2. The controller of claim 1 , wherein the address outputted from the address selection unit wakes up corresponding sub-banks of the instruction cache and the instruction TLB, which use the dynamic voltage scaling.
3. The controller of claim 1 , wherein the address selection unit operates in response to a least significant bit of the current instruction address and the final branch prediction value.
4. The controller of claim 3 , wherein the address selection unit comprises:
an exclusive OR gate performing an exclusive OR operation on the least significant bit of the current instruction address and the final branch prediction value, to output a selection value; and
a multiplexer selecting and outputting one of the current instruction address wherein the branch prediction result is not “taken” and the prediction target address, in response to the selection value.

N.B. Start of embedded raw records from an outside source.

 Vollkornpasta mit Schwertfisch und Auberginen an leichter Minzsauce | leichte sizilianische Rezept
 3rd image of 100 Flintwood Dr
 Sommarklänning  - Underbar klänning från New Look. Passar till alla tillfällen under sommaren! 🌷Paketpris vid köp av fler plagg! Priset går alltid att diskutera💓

5. The controller of claim 1 , wherein the branch predictor comprises:
a global history register storing past branch prediction values for addresses of previous branch instructions;
a first exclusive OR gate performing an exclusive OR operation on the current instruction address and the address stored in the global history register, to output an index value;
a branch prediction table storing branch prediction values for the addresses of the past branch instructions, and outputting the branch prediction values for the current instruction address indexed by the index value;
a second exclusive OR gate performing an exclusive OR operation on a least significant bit of the current instruction address and a least significant bit of the address stored in the global history register, to output a selection value; and
a multiplexer outputting one of the branch prediction values as the final branch prediction value, in response to the selection value.
6. The controller of claim 5 , wherein the branch predictor further comprises an address register storing the current instruction address.

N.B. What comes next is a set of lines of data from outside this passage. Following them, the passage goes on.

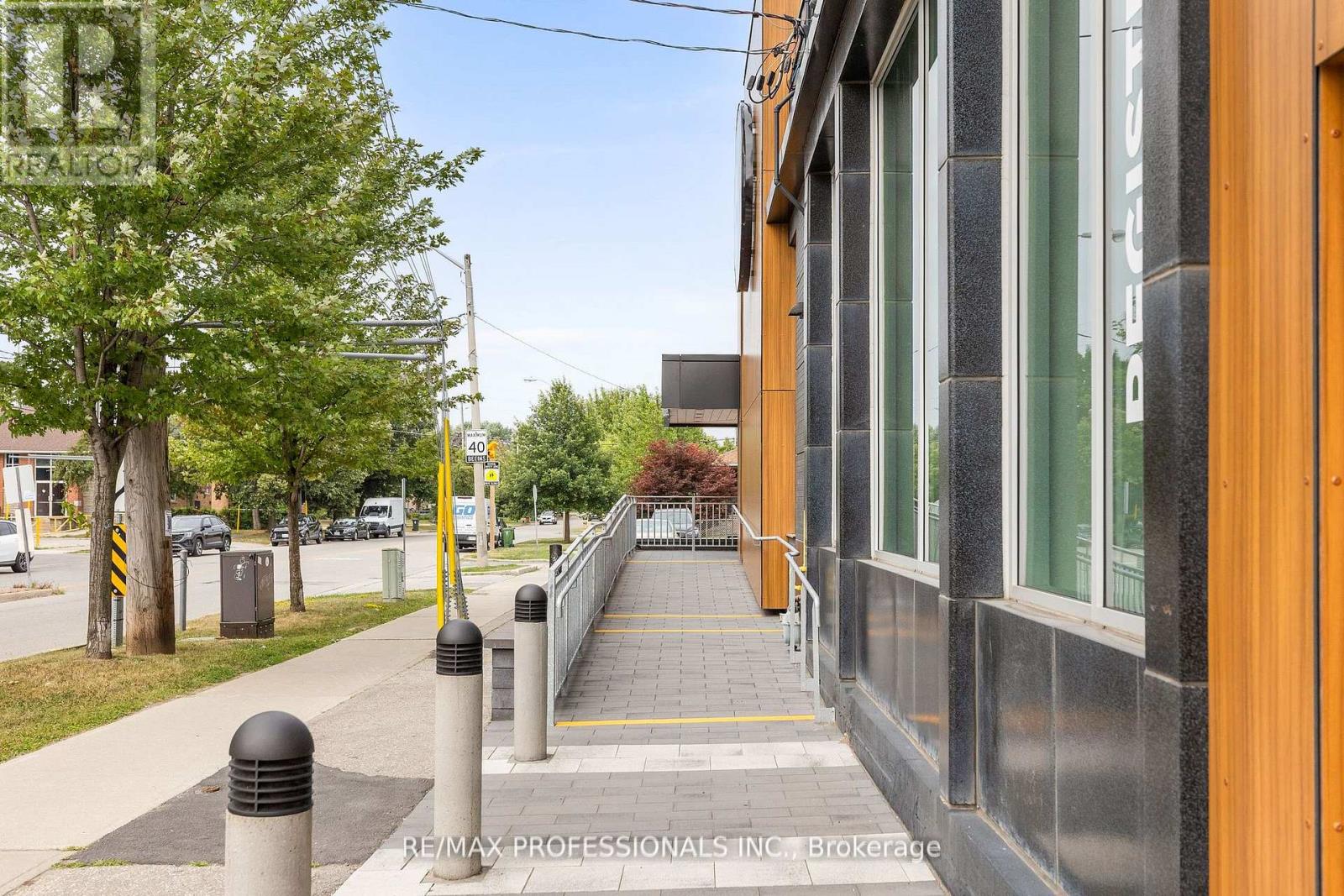 2nd Floor - 430 Browns Line, Toronto, Ontario  M8W 3T9 - Photo 3 - W12760064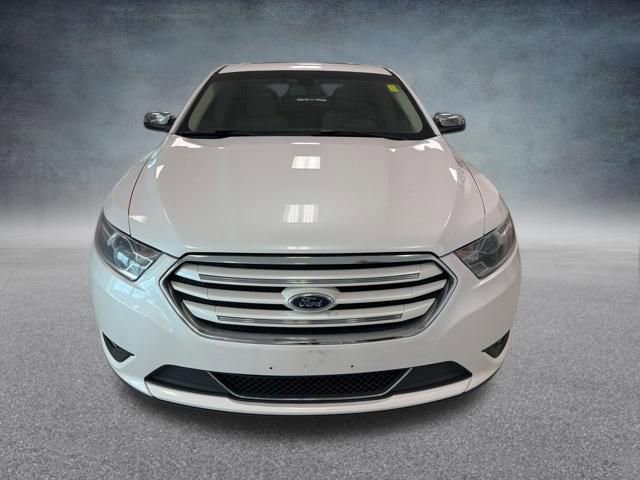 Used 2015 Ford Taurus Limited image 3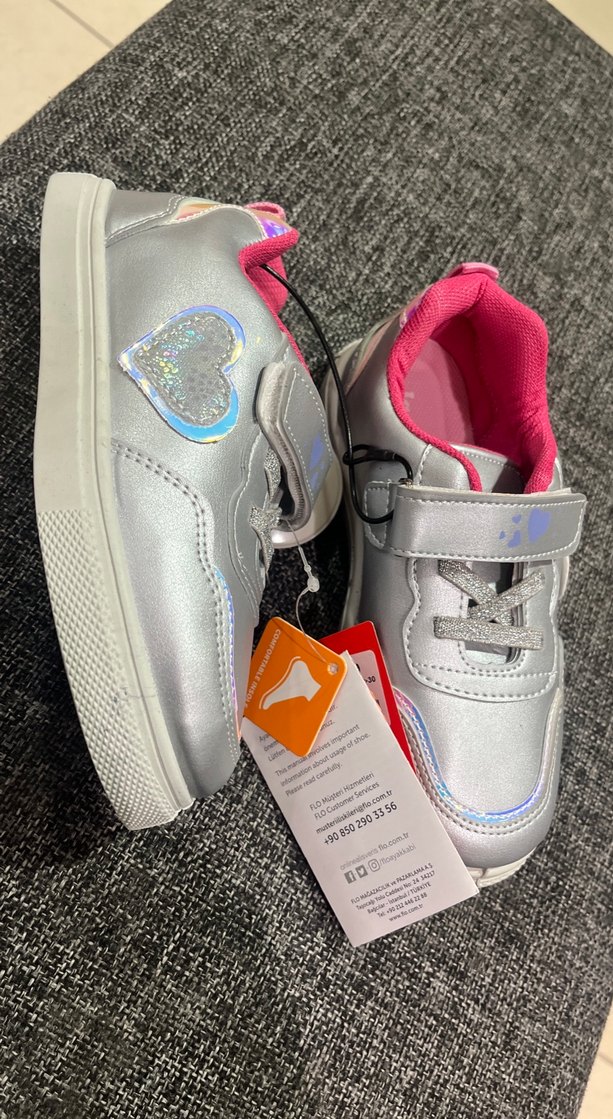 POLARİS Kız Çocuk Gri Velcro Spor Ayakkabı26-30 arası mevcut - Görsel 3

7. The controller of claim 5 , wherein two sequential entries included in one line of the branch prediction table are indexed by the index value.

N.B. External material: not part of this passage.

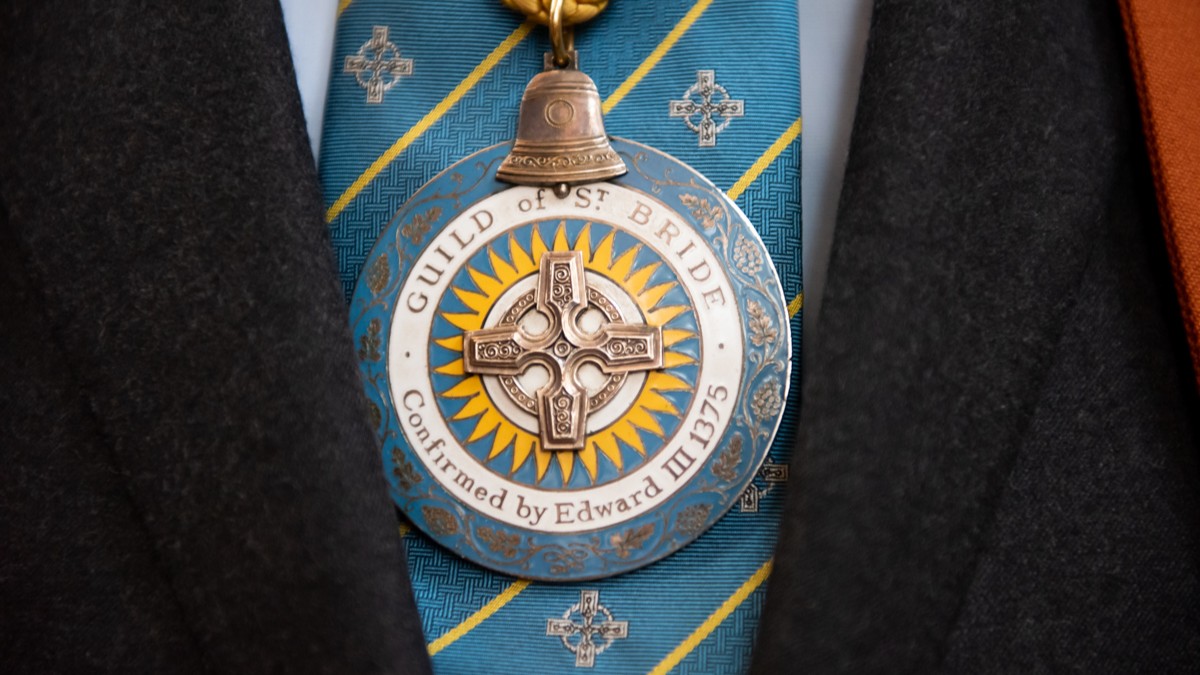 stbrideschurch's tweet photo. 1/2 Today we celebrate the feast day of our patron #StBride in the sad context of a church currently closed by #Covid19. St Bride maintained a perpetual fire symbolising the light of Christ. Those flames are depicted surrounding a #StBridgetsCross on our Guild medallion. https://t.co/meabqZ19OT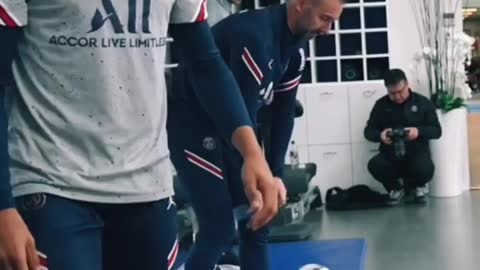 kylian mbapé sends the psg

8. The controller of claim 1 , wherein the branch target buffer comprises:
a branch target table storing target addresses for the addresses of the previous branch instructions indexed by virtual index bits of the current instruction address, and target tags corresponding to the target addresses;
a first multiplexer outputting one of the target tags indexed by the virtual index bits, in response to a least significant bit of the current instruction address;
a comparator comparing physical tag bits of the current instruction address with the outputted one of the target tags, to output an enable signal;
a second multiplexer outputting one of the target addresses indexed by the virtual index bits, in response to the least significant bit of the current instruction address; and
a buffer buffering the outputted one of the target addresses in response to the activation of the enable signal, to output the buffered target address as the prediction target address.
9. The controller of claim 8 , wherein the branch target buffer further comprises an address register storing the current instruction address.
10. The controller of claim 8 , wherein two sequential entries included in one line of the branch target table are indexed by the virtual index bits.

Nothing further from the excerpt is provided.